Below is a 1940 photo of students who lived in the Chattanooga, Ohio, area and rode the school bus to the Willshire Public School.
With help, I have been able to identify most of the students in the photo. Perhaps some readers can identify the others.
Front row: Don Caffee, Robert Bollenbacher, ?, ?, LaVerne “Vernie” Miller, Hamrick girl, ?, ?, ?, Kenny Miller.
Middle row [Zig-zaging up and down this row]: ? [girl], Catherine Miller, Dorothy Jean Leininger [taller girl behind], ? [shorter girl in front], Dorothy White, Emeline “Em” Miller, Marjorie Pifer, ? [boy], Catherine Leininger, Dorothy Carr, Helen Miller, Herb Miller, Twyla Pifer.
Back row: Carl Ripley, Leland Carr, Laverne “Vernie” Stetler, Robert “Bob” Byers, Fern Bollenbacher, Genevieve Baker, Bill Chapman, Dale Caffee.

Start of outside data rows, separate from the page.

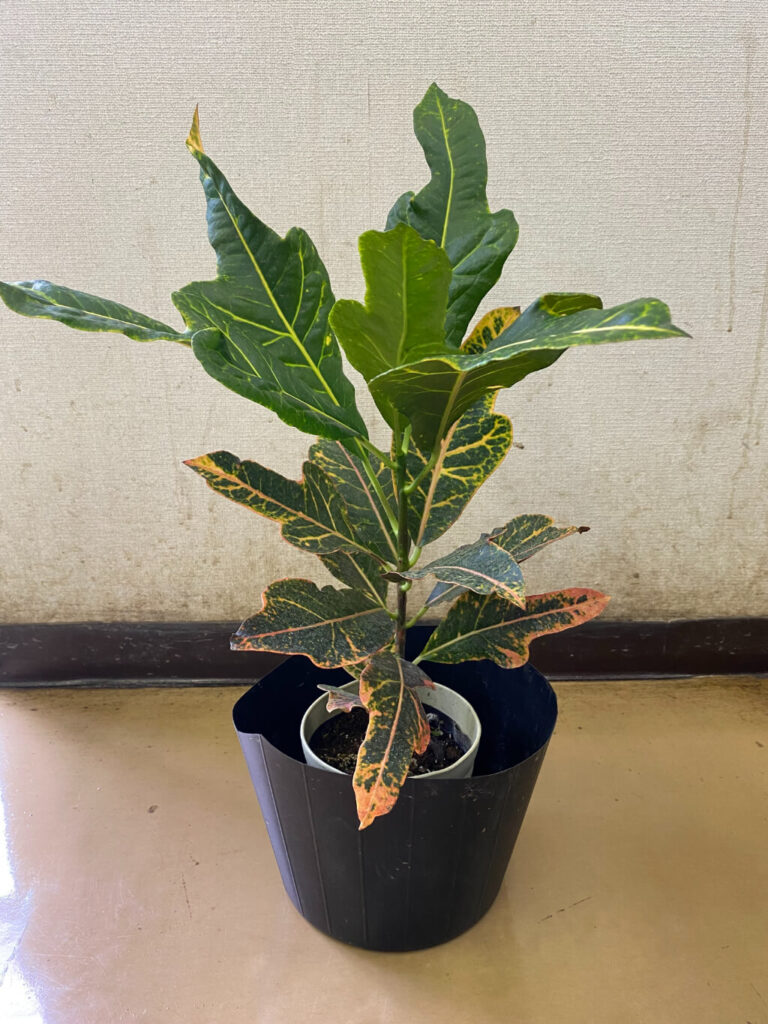 野沢園blog クロトン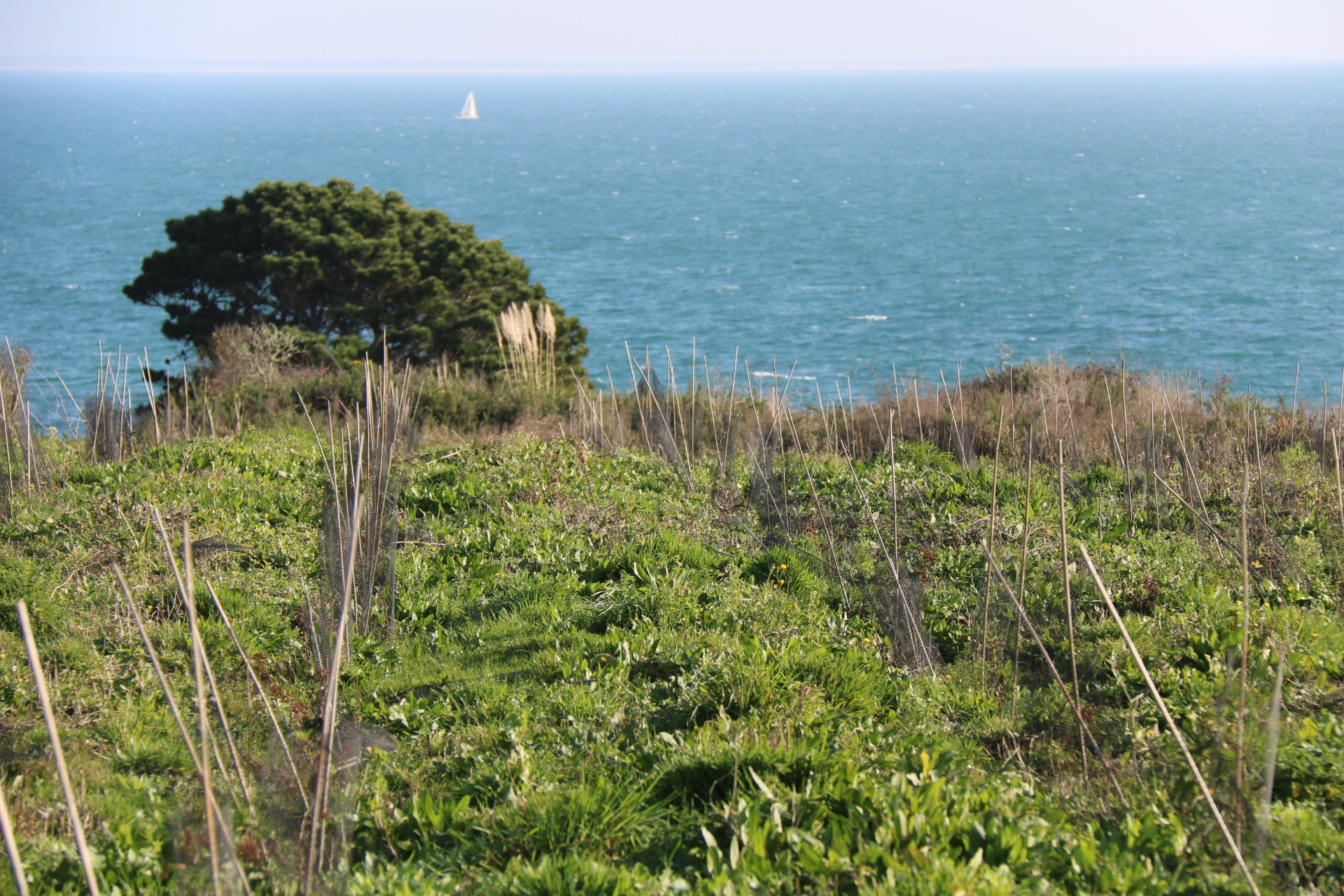 Vignes de l'ile de Groix, ferme de Port Coustic, 2023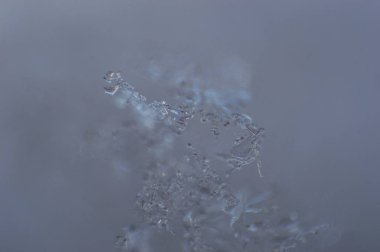 cam üzerine düşer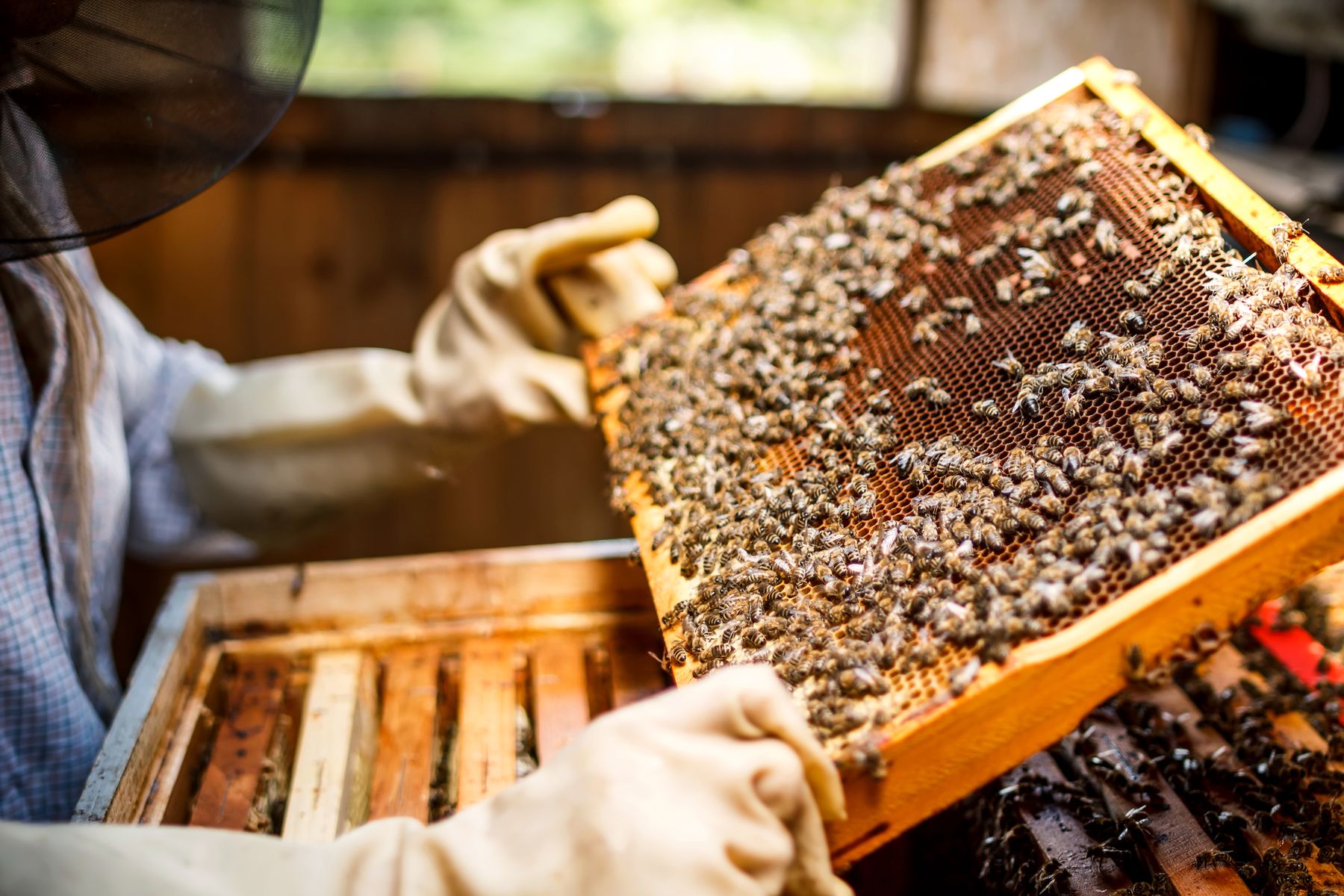 Beekeeper lifting a frame covered in bees from a hive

My dad and several of his brothers and sisters are in the photo—Uncle Vernie, Uncle Kenny, Aunt Helen, Aunt Kate, and Aunt Em. My aunt Helen was a senior that year and my Uncle Kenny was in the first grade. My dad was aged somewhere between them.
Two Miller neighbors rode the bus—brothers Don and Dale Caffee, as well as some names I recognize from Zion Chatt—sisters Catherine and Dorothy Jean Leininger, siblings Leland and Dorothy Carr, and Carl Ripley.
Someone told me that the 1940 school bus seats were not arranged as they are today. Instead there were two long benches down the center of the bus and the riders faced toward the windows. Maybe someone can verify this or correct this information.